Chemnitz (dpa / sn) - restaurants and hotels closed, numerous shops as well, many companies on short-time work: the corona crisis hit Saxony's economy in 2020, with significant consequences for the labor market.
"We're talking about coping with a natural disaster," said the head of the employment agency in the Free State, Klaus-Peter Hansen, of the German press agency.
His forecast is that the number of unemployed will return to the pre-Corona level in 2022 at the earliest.
First of all, the job market has to digest the recent closings.
"We will have a clear impact, but the aftershock will be significantly lower on the Richter scale than in the spring," said the managing director of the regional headquarters in Chemnitz.
While almost all sectors started short-time working at that time due to the problems in global trade relations, this currently affects mainly the actually closed branches of the economy.

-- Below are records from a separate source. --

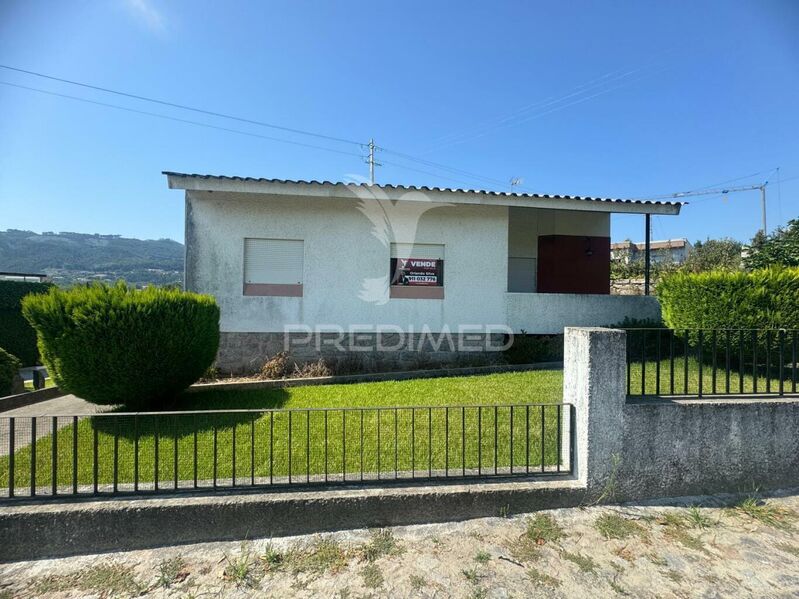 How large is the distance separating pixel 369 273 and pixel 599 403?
5.98 meters

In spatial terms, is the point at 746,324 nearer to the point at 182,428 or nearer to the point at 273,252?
the point at 182,428

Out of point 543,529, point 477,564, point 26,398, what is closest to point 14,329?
point 26,398

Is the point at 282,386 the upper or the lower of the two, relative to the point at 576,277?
lower

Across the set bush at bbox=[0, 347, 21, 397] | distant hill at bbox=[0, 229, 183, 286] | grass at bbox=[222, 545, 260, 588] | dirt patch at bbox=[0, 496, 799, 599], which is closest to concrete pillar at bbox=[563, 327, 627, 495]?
dirt patch at bbox=[0, 496, 799, 599]

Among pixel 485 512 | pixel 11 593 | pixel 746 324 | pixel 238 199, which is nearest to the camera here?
pixel 11 593

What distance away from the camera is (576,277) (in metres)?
11.2

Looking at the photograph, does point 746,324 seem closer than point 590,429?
No

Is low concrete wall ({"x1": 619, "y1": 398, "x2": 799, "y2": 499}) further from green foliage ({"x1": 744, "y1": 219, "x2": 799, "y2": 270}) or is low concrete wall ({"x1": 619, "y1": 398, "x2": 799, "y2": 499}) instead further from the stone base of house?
green foliage ({"x1": 744, "y1": 219, "x2": 799, "y2": 270})

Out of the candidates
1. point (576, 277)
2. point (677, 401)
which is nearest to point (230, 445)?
point (677, 401)

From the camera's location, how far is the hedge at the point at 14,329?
42.4 feet

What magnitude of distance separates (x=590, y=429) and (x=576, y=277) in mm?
8924

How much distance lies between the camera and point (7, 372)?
7.21 metres

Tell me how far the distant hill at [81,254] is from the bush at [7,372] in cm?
2900

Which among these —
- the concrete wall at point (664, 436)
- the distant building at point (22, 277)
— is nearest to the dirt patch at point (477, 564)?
the concrete wall at point (664, 436) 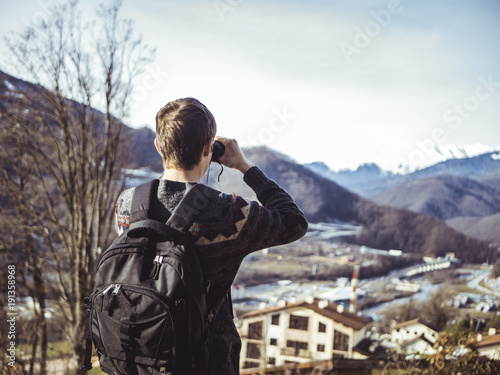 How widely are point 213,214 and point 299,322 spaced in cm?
683

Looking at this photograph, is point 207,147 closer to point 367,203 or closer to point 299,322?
point 299,322

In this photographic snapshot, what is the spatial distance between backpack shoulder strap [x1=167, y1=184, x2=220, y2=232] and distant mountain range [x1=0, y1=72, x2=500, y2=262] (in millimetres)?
3465

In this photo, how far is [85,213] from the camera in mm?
4059

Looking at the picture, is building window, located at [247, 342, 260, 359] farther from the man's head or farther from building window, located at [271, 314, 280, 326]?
the man's head

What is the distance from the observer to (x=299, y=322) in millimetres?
7176

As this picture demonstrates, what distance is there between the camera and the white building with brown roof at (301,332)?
247 inches

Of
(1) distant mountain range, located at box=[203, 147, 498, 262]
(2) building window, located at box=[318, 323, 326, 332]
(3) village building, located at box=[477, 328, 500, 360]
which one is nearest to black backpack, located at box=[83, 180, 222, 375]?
(3) village building, located at box=[477, 328, 500, 360]

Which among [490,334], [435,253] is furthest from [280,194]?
[435,253]

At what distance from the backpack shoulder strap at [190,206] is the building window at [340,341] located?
602cm

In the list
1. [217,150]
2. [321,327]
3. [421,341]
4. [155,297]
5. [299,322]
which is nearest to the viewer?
[155,297]

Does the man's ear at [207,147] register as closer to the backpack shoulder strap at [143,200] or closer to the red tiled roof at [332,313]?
the backpack shoulder strap at [143,200]

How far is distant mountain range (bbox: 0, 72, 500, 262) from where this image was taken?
527 centimetres

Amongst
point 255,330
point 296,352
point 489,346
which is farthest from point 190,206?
point 255,330

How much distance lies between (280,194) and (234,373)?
0.51 m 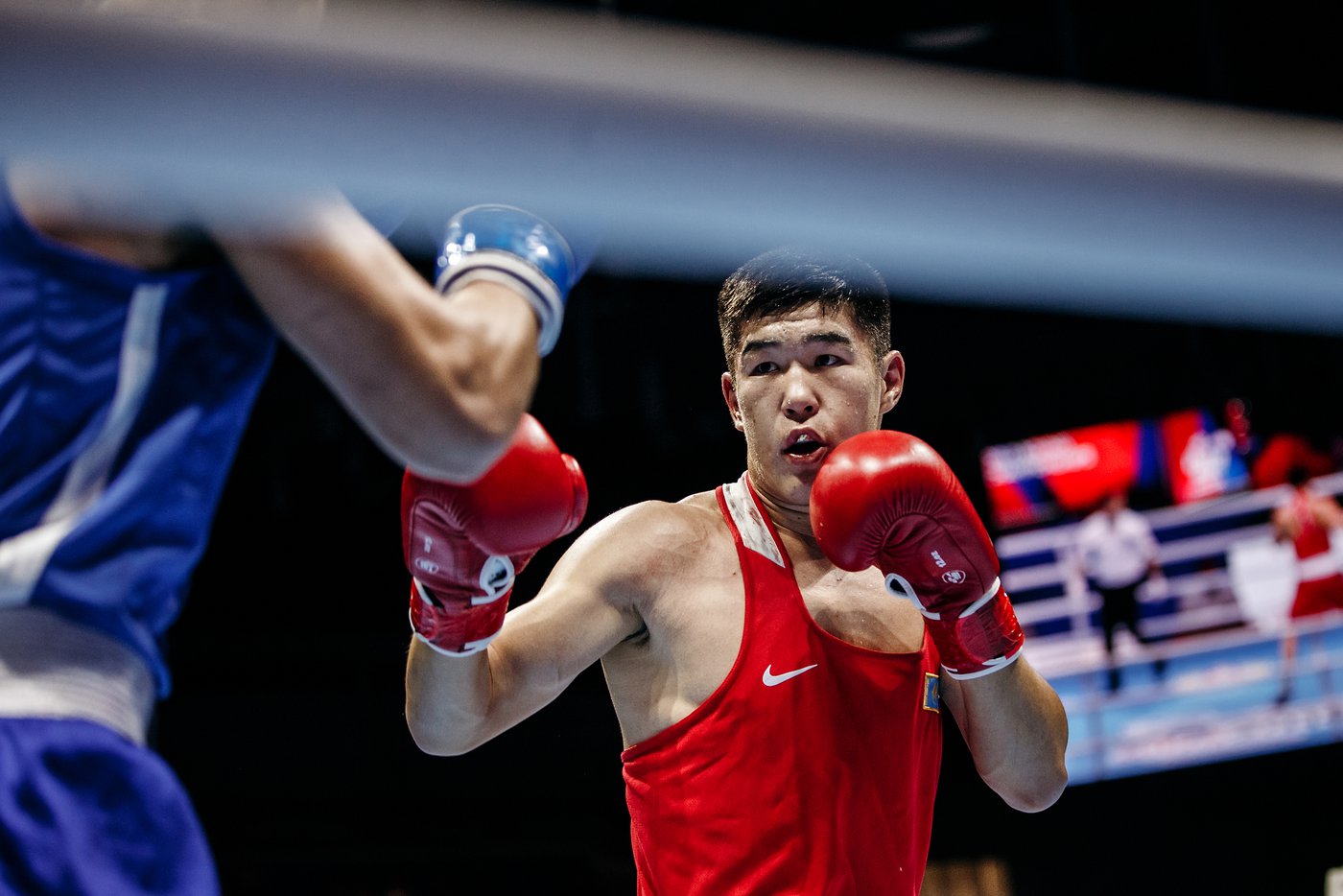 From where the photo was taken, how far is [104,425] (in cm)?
108

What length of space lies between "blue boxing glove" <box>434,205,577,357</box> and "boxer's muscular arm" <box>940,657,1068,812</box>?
119 cm

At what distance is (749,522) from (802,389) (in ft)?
0.83

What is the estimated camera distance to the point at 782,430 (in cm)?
Result: 227

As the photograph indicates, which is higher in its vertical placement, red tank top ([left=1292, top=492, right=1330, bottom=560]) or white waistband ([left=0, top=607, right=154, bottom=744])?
white waistband ([left=0, top=607, right=154, bottom=744])

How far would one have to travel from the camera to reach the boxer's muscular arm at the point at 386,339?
100 cm

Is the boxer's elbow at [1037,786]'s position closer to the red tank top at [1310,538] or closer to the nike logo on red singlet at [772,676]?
the nike logo on red singlet at [772,676]

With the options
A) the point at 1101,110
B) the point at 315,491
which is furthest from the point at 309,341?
the point at 315,491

So far, the economy and the labor market have shown themselves to be robust, emphasized the 58-year-old.
"The question is: how often do companies take it?"
In November, the employment agencies counted around 126,600 unemployed in Saxony, a decrease of 1.6 percent compared to October, but far more than a year earlier.
Within a year, the unemployment rate rose from its record low of 5.0 to 6.0 percent.
Almost 19,300 more people were unemployed than in November 2019. The December figures will be announced in early January.
Labor Minister Martin Dulig (SPD) does not expect unemployment figures to match the level of 2019 in the coming year either.
But despite the crisis, there are a large number of vacancies in Saxony, he emphasized.
Everything depends on when the corona protective measures can be relaxed and economic stability is achieved again.
And how robust the companies emerged from the crisis.
"I am confident that we in Saxony will not have to reckon with a bankruptcy tsunami," said Dulig.
The small-scale nature of the corporate landscape could be an advantage here.
Dulig and Hansen agree that without the instrument of short-time work, far more people would have lost their jobs.
"Then we would have unemployment figures like in the 90s," said Hansen.
At peak times, the Saxon employment agencies would have paid out 7 million euros a day for short-time working benefits.
Previously, 35 employees were responsible for this, and during the crisis more than 700. "That was a feat of strength," said Hansen, praising the commitment of his employees: "I experienced a spirit here like in the 90s."
The employment agencies will also take strong countermeasures in 2021, Hansen announced.
"We don't have to hit the brakes."
However, he does not dare to predict how high unemployment will rise in Saxony in view of the current shutdown.
“We can currently only drive on sight.
A number would be dubious. "
Hansen compares the curve of the development on the labor market with the shape of a bathtub.
In the spring it went steeply downhill, now they have been down in the valley for some time and buffer the development with the help of short-time work.
Now it is important that science brings the pandemic under control, explains the expert.
"The sooner you succeed, the sooner you can go up again."
Hansen has no doubt that the economy will continue to cease in the future.
Even now in the crisis, there are companies reporting vacancies.
And nothing has changed about the fact that many skilled workers will retire in the coming years and companies will need replacements.
Hansen has a piece of advice ready for all employees: "Follow the regulations of the Corona Protection Ordinance."
Because mask, distance and fewer contacts would not only help to protect grandparents and neighbors from the virus.
It will also secure one's own job and that of other family members and friends if the pandemic is contained in this way.